DATA PROVIDED =>
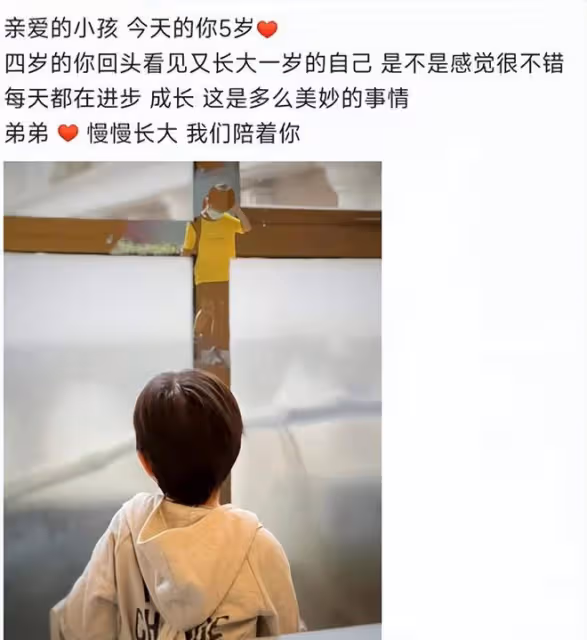 靳東看話劇被偶遇,滿頭白髮身形佝僂快認不出,妻子在家忙帶娃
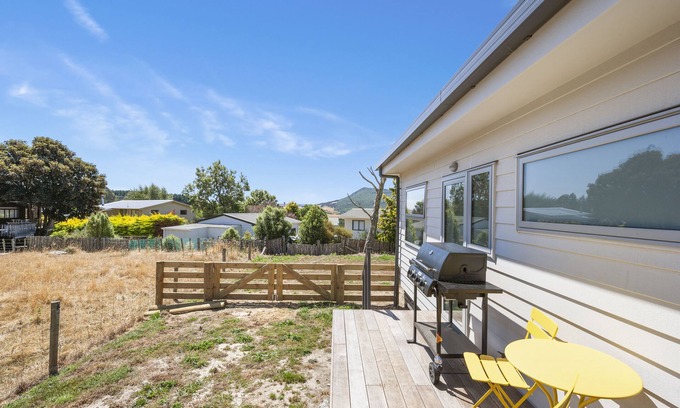 Omori Cottage | Freshwater Lookout - Taupo Holiday Home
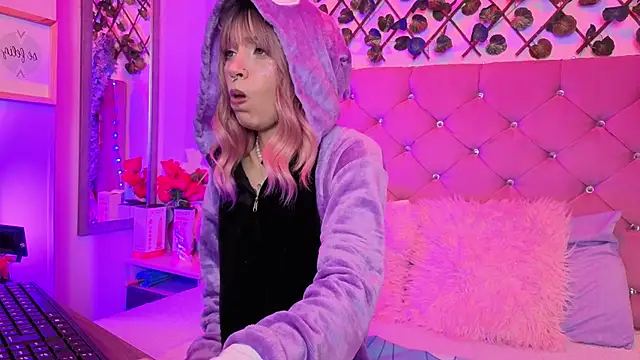 lauren evans96 online show from 02.18.26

WHAT THE EXERCISE ASKS =>
Copy out the material word for word, without any images.

ANSWER TO THIS EXERCISE =>
 靳東看話劇被偶遇,滿頭白髮身形佝僂快認不出,妻子在家忙帶娃
 Omori Cottage | Freshwater Lookout - Taupo Holiday Home
 lauren evans96 online show from 02.18.26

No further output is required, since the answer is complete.